While a festival’s success is often measured in its attendance, the sentiment of locals is very important to the organisers of Franschhoek’s local events, especially the popular Bastille Festival. Since a few years ago, already, measures such as a locals discount have been introduced to motivate locals to attend, while much effort has gone into attracting an audience that appreciates the valley for its beauty, charm and special offering rather than only being another party place. I definitely think the Bastille Festival is at another level these days. The standard of food and wine on offer, the quality of the guests and the jovial mood in the festival marquee and on the streets are something locals can definitely give another try.
This challenge is of course not unique to Franschhoek. An enthusiastic traveller myself, I have often wished there were less tourists around me when visiting a certain tourism hot spot. Totally ridiculous, of course, as I am one of the tourists myself! But sometimes, the very reason why a place has become famous gets lost among the many visitors. The sanctity of churches, the intimacy of owner-run café’s, the quiet of nature, etc. often give way to a shuffle for the best photo spot, familiar food on the go and mass-produced curios. In the process, much of the authenticity gets lost.

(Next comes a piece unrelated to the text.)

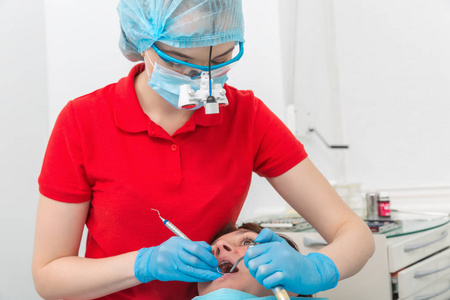 照片的牙医在面具与放大镜双筒望远镜治疗病人的牙齿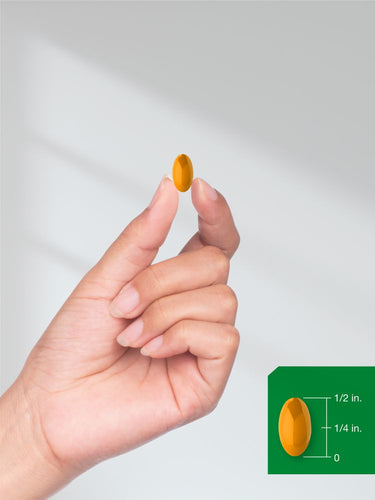View 7 Hand holding a yellow pill with a size reference on a white background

Today, technology and media allow us much more knowledge about the world and its special places and travelling has become much easier and affordable. No surprise then that more of us are travelling. For travellers who are not only party-goers, authenticity is important and it has become one of the leading tourism trends. The challenge is to accommodate valued tourists and to ensure services and convenience without losing the authentic attraction.
Europe is struggling with this dilemma much more than we are. In season, a beautiful and unique city like Venice, for instance, is hard to enjoy among the many many visitors. With travel programmes doing an exceptional job of introducing new places to travel to, many other European towns and cities are struggling to keep their character among the influx of tourists. Split in Croatia, is one. Read the blog post, Tourism and when the locals hate you for interesting insights into this dilemma.
In today’s world, industry is constantly changing and tourism has brought another important avenue of income – especially to communities where the traditional trade and business might have become less profitable. Locals, even when not directly involved in tourism, should understand that. At the end of the day, tourism income is to the benefit of all. What I do think, however, is that we should also educate tourists about their important role in this symbiotic relationship. Yes, visitors bring their money, but without respect for the offering, it might not be there in a few years from now.